= Jonathan Zaslow =

American radio personality

Jonathan Bradley Zaslow (born January 18, 1981, in Miami, Florida) is a sports radio show host in South Florida. Also known as the "Cooper City Rattlesnake." Formerly the host of "The Zaslow Show" and "The Zaslow and Joy Show", is one of the former hosts of "Zaslow & Amber" on 790/104.3 The Ticket Miami, weekdays from 10am to 2pm, with Amber Wilson.

Zaslow was raised in North Miami Beach, Florida, where he attended Sabal Palm Elementary School and was a classmate of James Jones of the Miami Heat and 2011 NBA three point shootout champion. He graduated from North Miami Beach Senior High School in 1999 and was a member of the varsity basketball team. However, he was only put in the games during blowout situations. After graduating from the University of Florida in 2004, he became a producer at the newly formed 790 The Ticket, where he has been ever since.

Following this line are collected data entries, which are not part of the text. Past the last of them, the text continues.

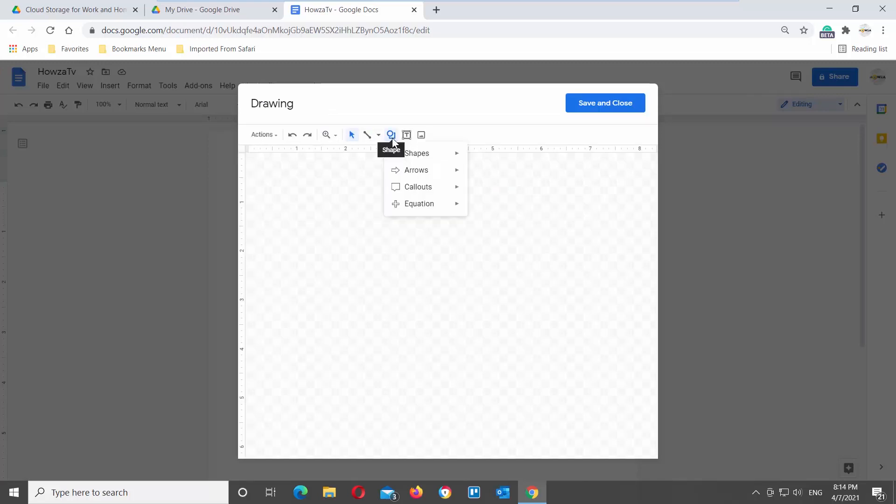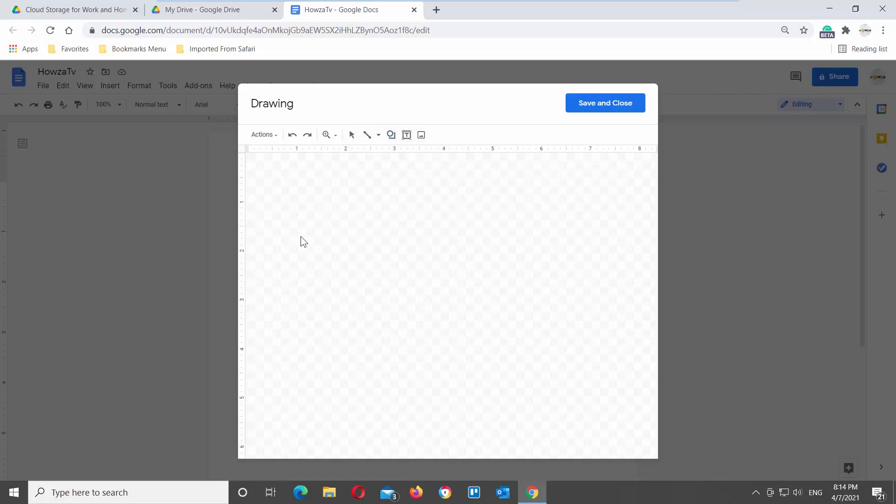Click on Shapes at the top tools bar. Go to Arrows. You will see a list of arrow shapes you can insert. Click on the arrow shape that you need. Draw the arrow shape.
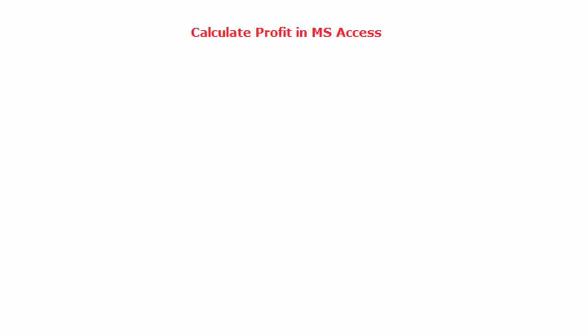Hello and welcome. In this lesson we want to see how we can use MS Access to help us calculate profit in a business. In business we normally have buying of things and selling them at a higher price, so that the difference is your profit as a businessman.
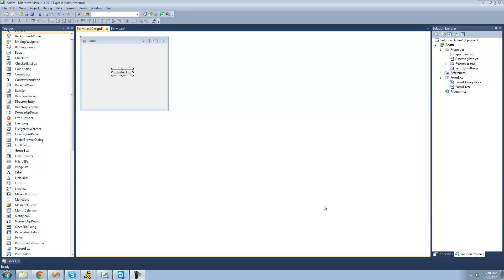Hey guys, welcome to the 150th C-Sharp tutorial I'm making for the new Boston. In this tutorial, I'm going to continue showing you how to overload operators.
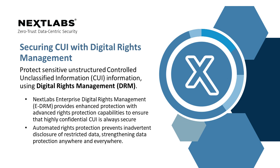NextLab Enterprise Digital Rights Management provides enhanced protection with advanced rights protection capabilities to ensure highly confidential CUI such as design documents, IP documents, and sensitive financial information is always secure. Also, automated rights protection prevents inadvertent disclosure of restricted data, strengthening data protection anywhere and everywhere.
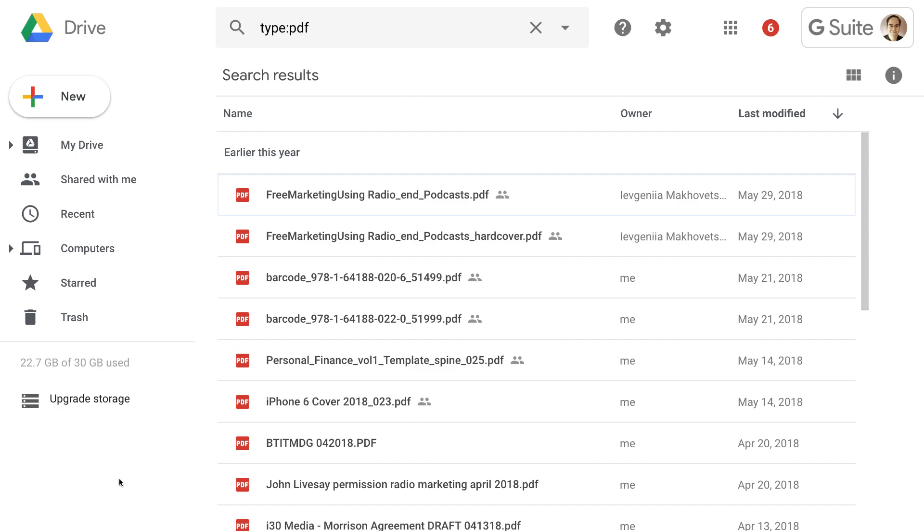One thing to note, the other main applications within G Suite, and that would be Google Docs, Google Sheets, and Google Slides, Google Forms, those look the same as before. So they haven't changed, at least not yet. They may update the interface in the next year or two, but as of today, and this is the middle of 2018, those applications look the same.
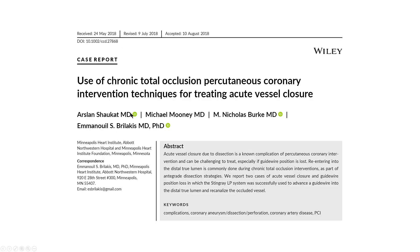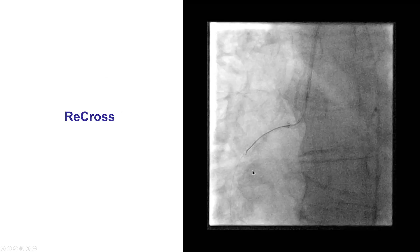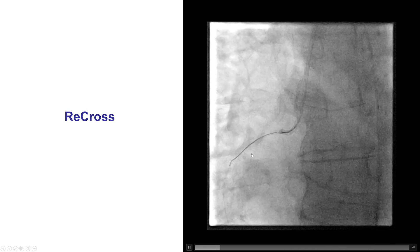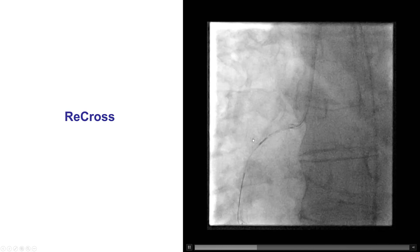What to do for cases like this? One option, since we did not have any EKG or ST segment changes, would be to just stop the case and bring the patient back after a month or two, allowing time for the dissection to heal — that would probably have been a fine choice. The second way is to try to get a wire into the distal true lumen, and sometimes CTO techniques — dissection reentry, antegrade as well as the retrograde approach — can be used. In this case, we decided to use antegrade dissection reentry techniques.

Zaslow originally was a producer for Craig Minervini and then became a producer for The Boog Sciambi Show hosted by Jon Sciambi. Sciambi frequently incorporated Zaslow into his show, and eventually Zaslow became known as Sciambi's "sidekick." Zas eventually got his own show from 7pm-10pm on weekdays and in June 2012, was promoted to morning drive.

Formerly, during the NHL season he hosted Panthers Unrestricted Weekend every Saturday from 9-10am with Florida Panthers play-by-play man Randy Moller where the duo looked at everything revolving around the Panthers. Zaslow also served as the Studio Host for the Florida Panthers Radio Network from 2008-2010.

Since 2010, he has been the Miami Heat Radio Host, anchoring the pregame, halftime, and postgame shows for the Miami Heat Radio Network and on FM 104.3/AM 790 The Ticket.

In 2013, Zaslow was picked as the Broward Palm Beach New Times AM Radio Host of the Year.